Appendix A: Estimating the variance of a ratio of means

Or, a Normal-Theory Derivation of an Estimator of the Sampling Variance for a Ratio of Means.

Introduction

A maximum likelihood method is used to find a formula for the variance of the ratio of the means from two independent samples of normally distributed data. The method defines the ratio as a transformation of the means then finds the variance matrix of the transformed parameters. Note that this method transforms parameters of distributions, not random variables. The method uses the inverse of the variance matrix of parameters, known as Fisher’s information matrix.

The method is not used very much, because in general the algebra is prohibitive. For this reason also, it is hard to find a single reference that contains the work below. The method works in this case, because the starting point is two independent normally distributed samples, and the ratio transformation is pretty simple. Transformations of maximum likelihood estimators (MLEs) (in this case, the mean and variance estimators for normal distributions) are again maximum likelihood estimators [eg, Cox and Hinkley, p. 287]. Thus, the variance estimate for the ratio of means this method produces is a maximum likelihood estimator if the MLEs for the normal means and variances are used. Note the MLEs for normal mean and variance for a sample \(\{x_1, x_2, ..., x_n\}\) are \(\hat{\mu} = \bar{x}\) and \(\hat{\sigma^2} = \frac{1}{n}\sum_i(x_i - \bar{x})^2\).

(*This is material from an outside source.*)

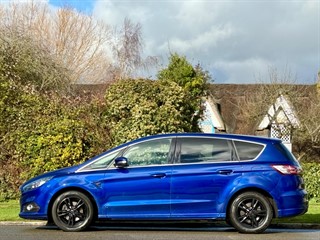 Used Ford S-Max from Bedford Cars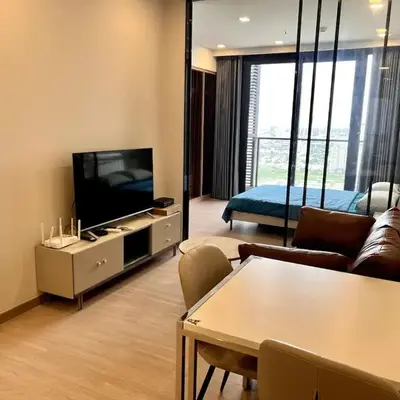 High Floor Apt with Large Living Room Pool and Gym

One may note that the 2nd formula above is not the usual textbook estimator of variance. The latter is usually denoted \(s^2\) and has an \(n – 1\) in the denominator where the formula above has \(n\), i.e., uses the "degrees of freedom." The two estimators will converge with a modest amount of data. We will revisit this distinction below. Maximum likelihood estimators have nice asymptotic properties. For example, the asymptotic distribution is normal around the true value of the parameter (here the ratio) with confidence intervals constructed using the variance estimate with Gaussian critical values. For example, the 95% confidence interval can be computed by subtracting from the observed ratio of means (for lower bound) and adding (for upper bound), the quantity \(Z_{0.975} * SE\), where \(SE\) is the standard error (as derived here) and \(Z_{0.975}\) is the 97.5th percentile of the standard normal distribution, around 1.96.

Method

The normal distribution, denoted by \(N(x|\mu,\sigma^2)\), has 2 parameters. To find the information matrix of a normal sample of \(n\) observations, start with the log of the likelihood function and calculate the partial derivative with respect to each of the parameters. If the sample \(x\) has \(n\) observations, the log-likelihood function can be calculated from the likelihood function to look like

\[ \ln N ( \vec{x} | \mu, \sigma^2) = \sum_{i=1}^{n}\ln\left[f\left(x_i | \mu , \sigma ^ { 2 } \right) \right] = - \frac { n } { 2 } \ln ( 2 \pi ) - \frac { n } { 2 } \ln \sigma ^ { 2 } - \frac { 1 } { 2 \sigma ^ { 2 } } \sum _ { i = 1 } ^ { n } \left( x _ { i } - \mu \right) ^ { 2 } \]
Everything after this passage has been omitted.